ASSIGNMENT | All lines from the one that contains "A black and" through the close of the entries below are to be repeated exactly, without any pictures.

Short web captions
↓

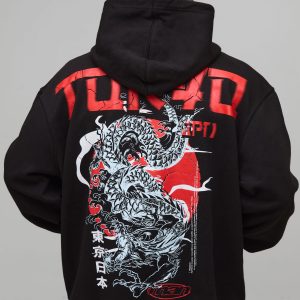 Black Oversized Tokyo Spine Dragon Printed Hoodie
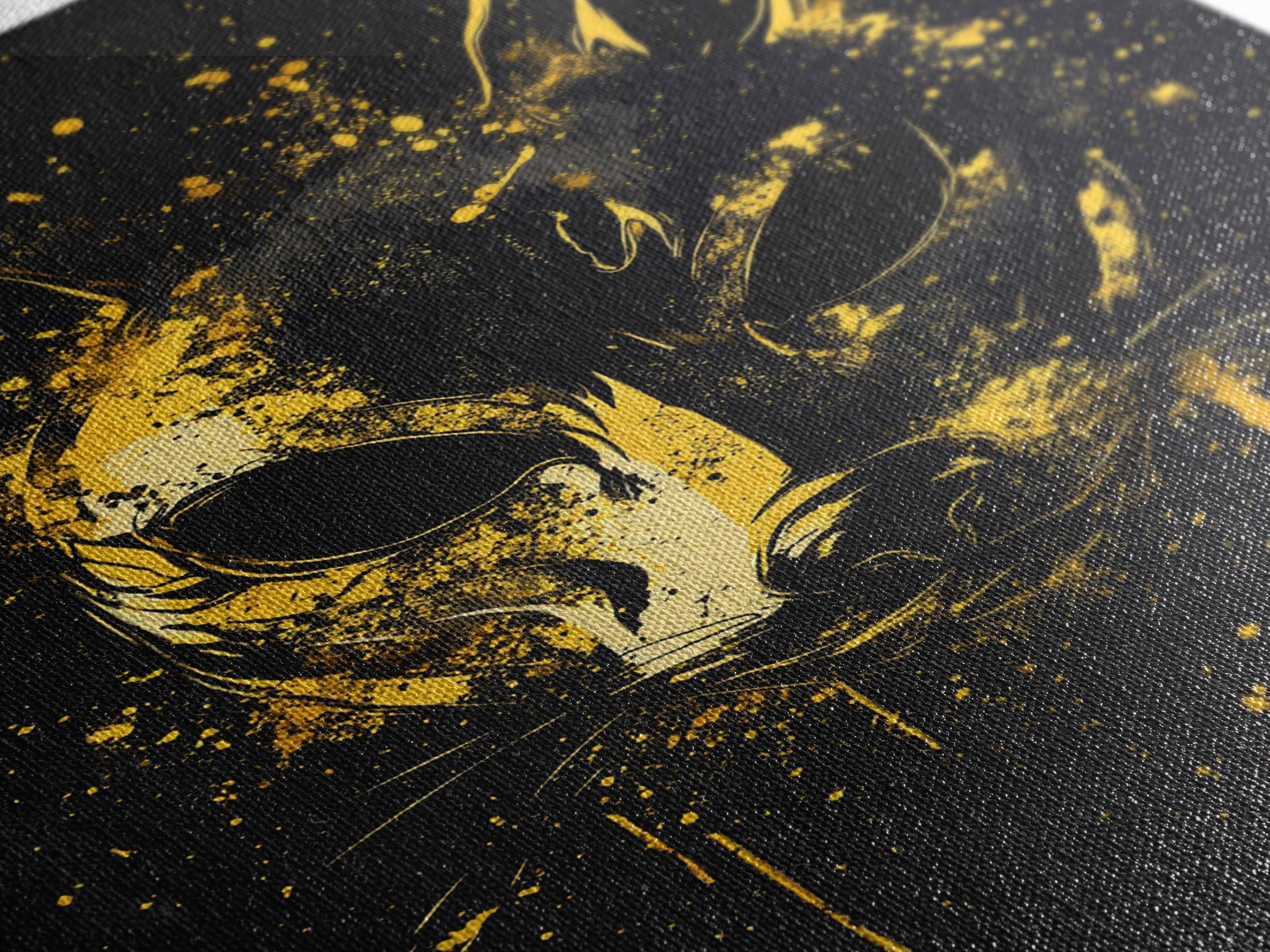 Cat Mask Gold Canvas Print, Mystical Splatter Art, Animal Spirit Wall Decor, Unique Feline Artwork, Real Wood Framed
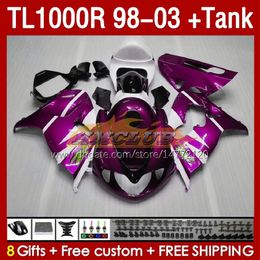 & Tank Fairings For SUZUKI TL-1000R SRAD TL-1000 TL 1000 R 1000R 98-03 Bodywork 162No.126 TL1000R 1998 1999 2000 01 02 03 TL1000 R 98 99 00 2001 2002 2003 Fairing pink glossy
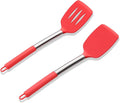 Silicone Spatula Set of 2, E-far Solid & Slotted Turner by E-far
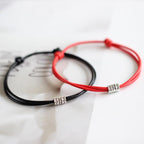 1/2pcs Adjustable Black Red Leather Rope Bracelet Couple Jewelry Handmade Braided Charm Bracelet Adjustable Rope Bracelets Jewelry Gift Bracelets For Men Women Mutual Attraction Handmade Rope For Women Men Stevvex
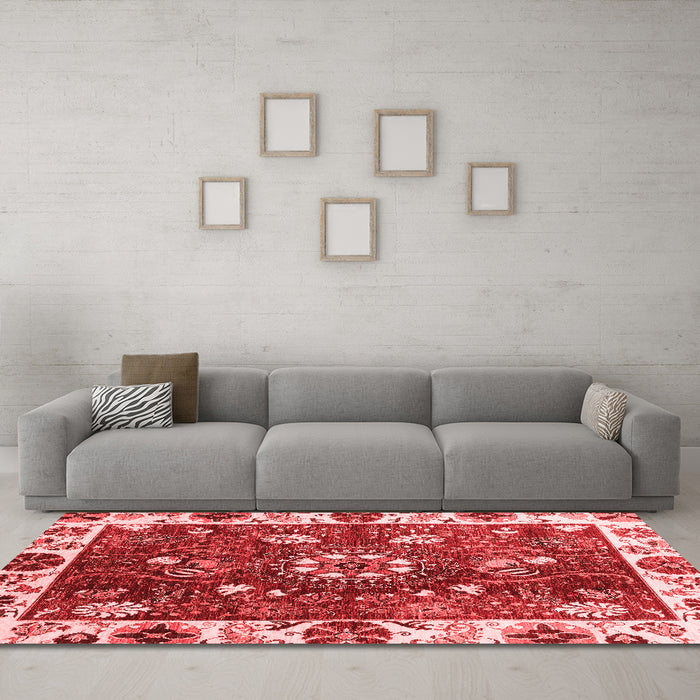 Modern Red Washable Rugs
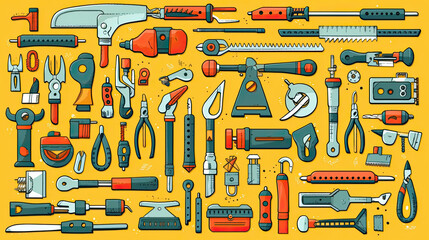 Construction tools, Cartoon caricature tools, Different instruments. Screwdriver, saw, brush, hammer, knife, scissors, wrench, etc. Hand drawn Vector set. All elements are isolated. Generative Ai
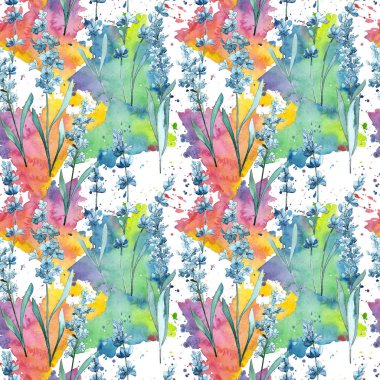 Kır çiçeği lavanta çiçek deseni suluboya tarzında.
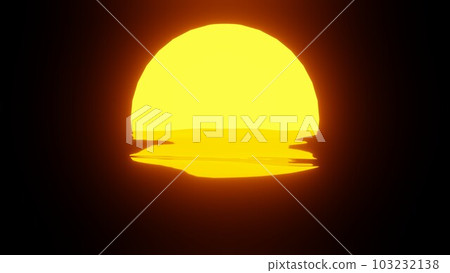 Sunset reflection in water or the ocean on black background. 103232138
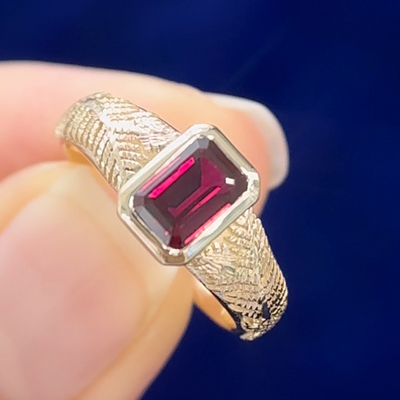 14k Yellow Gold with Custom-cut Octagon Lab Ruby Bezel set on Pine Band Engraved inside, 5 grams, size 4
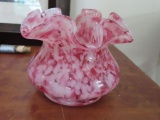 pink and white fluted edge glass vase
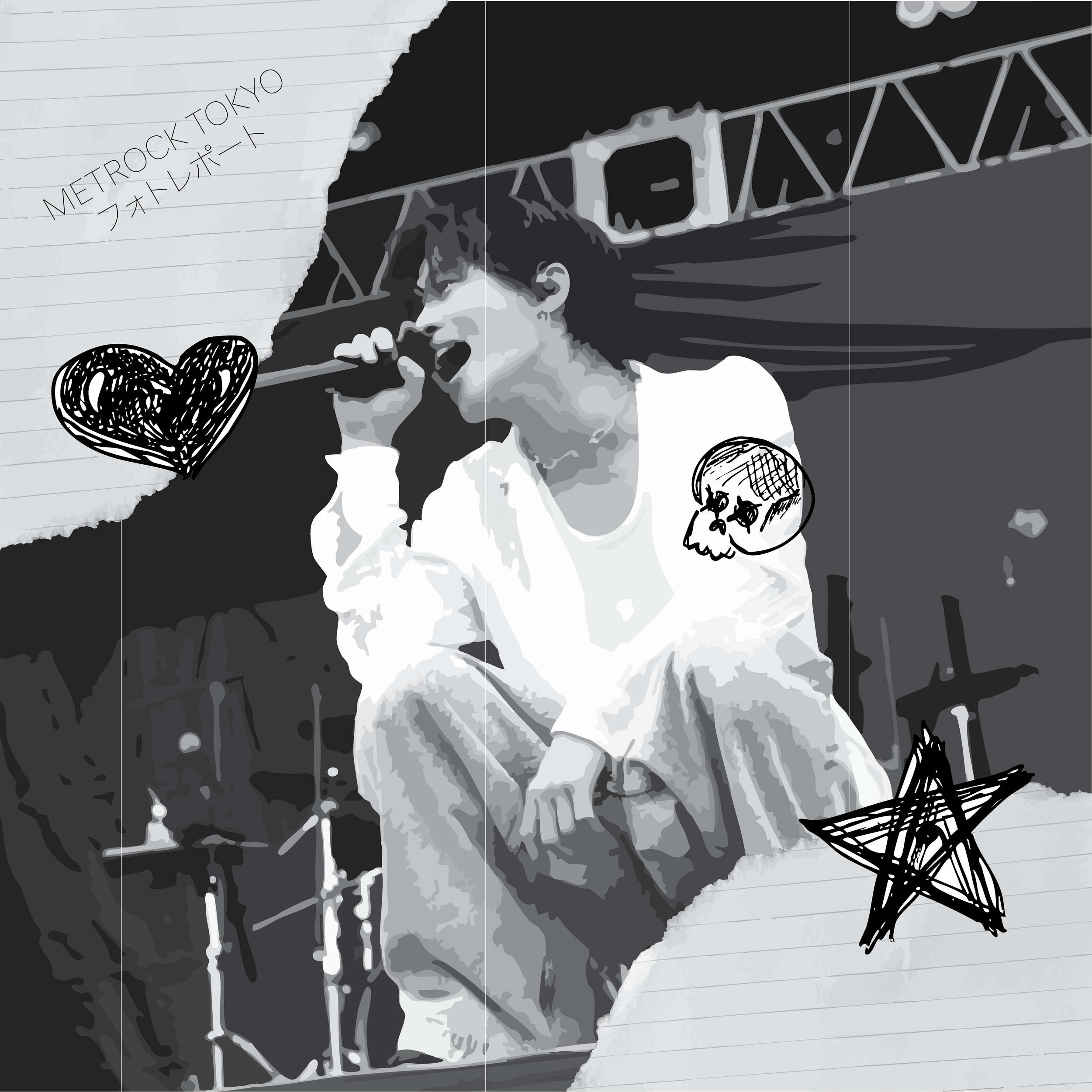 A black and white illustration of a young man singing into a microphone on stage, with hand-drawn doodles including a heart, a skull, a star, and a speech bubble with the text 'METROCK TOKYO' and Japanese characters.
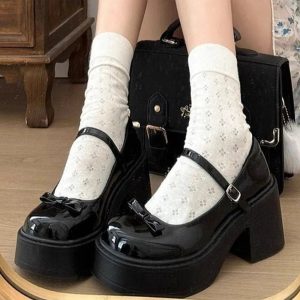 Bow Charm Platform Mary Janes: Y2K Aesthetic Cute Footwear for Every Outfit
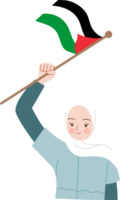 Woman holding Palestine flag png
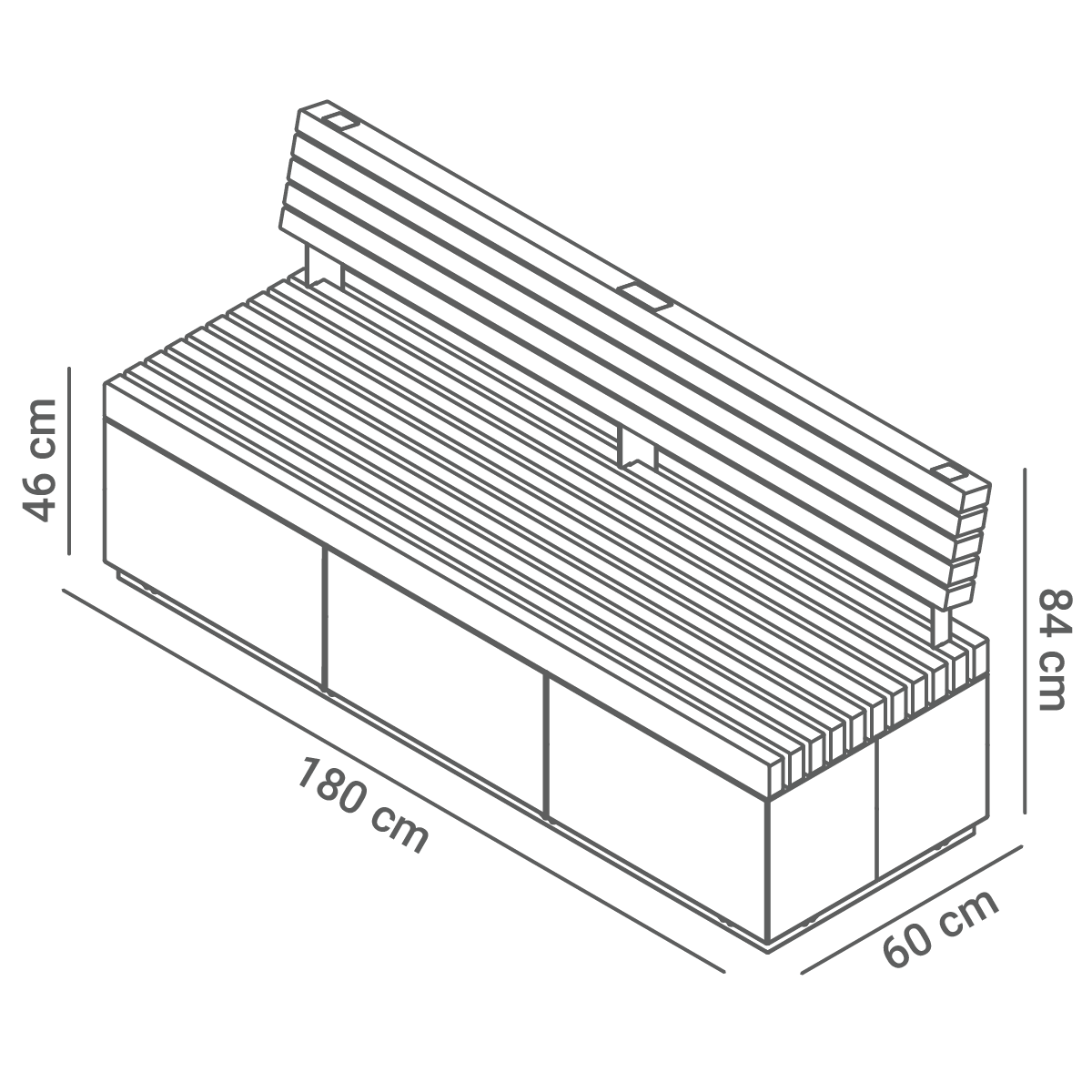 Quadro bench 02.076 | dimensions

↑

FINAL ANSWER |
 A black and white illustration of a young man singing into a microphone on stage, with hand-drawn doodles including a heart, a skull, a star, and a speech bubble with the text 'METROCK TOKYO' and Japanese characters.
 Bow Charm Platform Mary Janes: Y2K Aesthetic Cute Footwear for Every Outfit
 Woman holding Palestine flag png
 Quadro bench 02.076 | dimensions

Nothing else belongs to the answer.